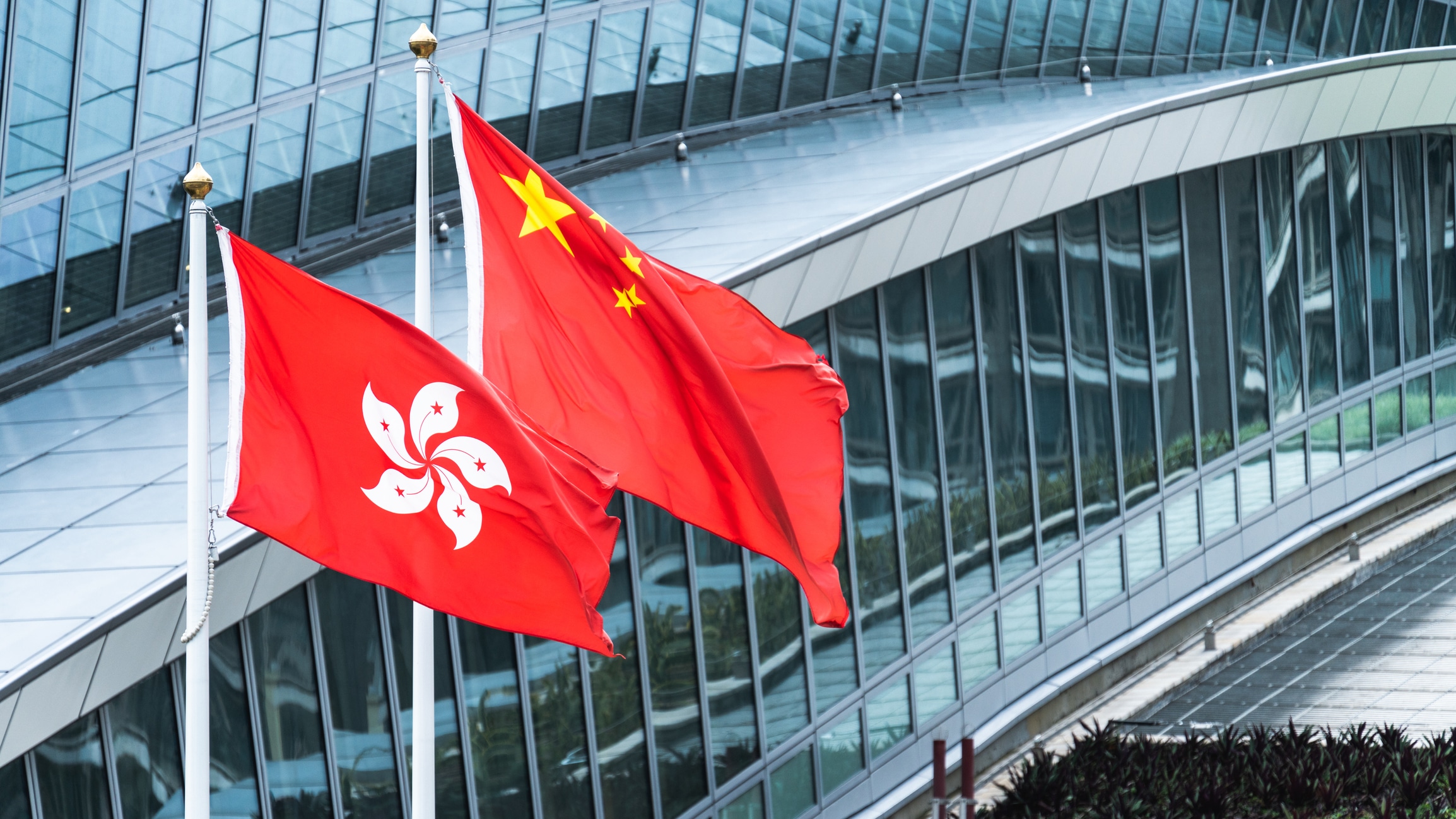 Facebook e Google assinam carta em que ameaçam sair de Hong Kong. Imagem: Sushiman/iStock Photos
---
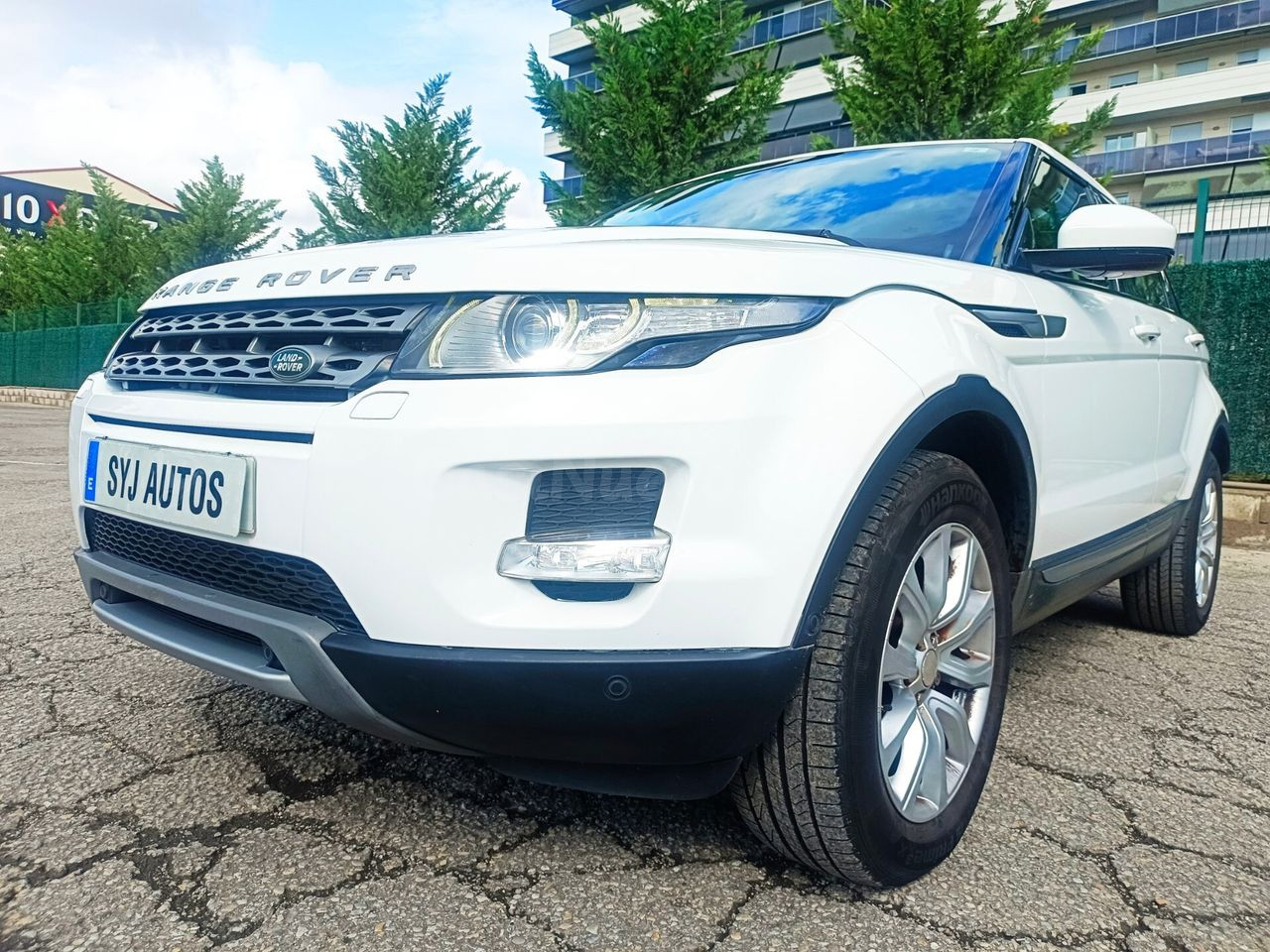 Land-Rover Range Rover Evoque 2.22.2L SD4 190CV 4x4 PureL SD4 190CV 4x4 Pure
==
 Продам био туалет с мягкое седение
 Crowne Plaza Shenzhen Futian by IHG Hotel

What to produce:
Nothing but the lines above from the one containing "Продам био туалет с мягкое седение" through the one containing "Crowne Plaza Shenzhen Futian by IHG Hotel" should appear in the answer, each repeated exactly.

Task response:
 Продам био туалет с мягкое седение
 Crowne Plaza Shenzhen Futian by IHG Hotel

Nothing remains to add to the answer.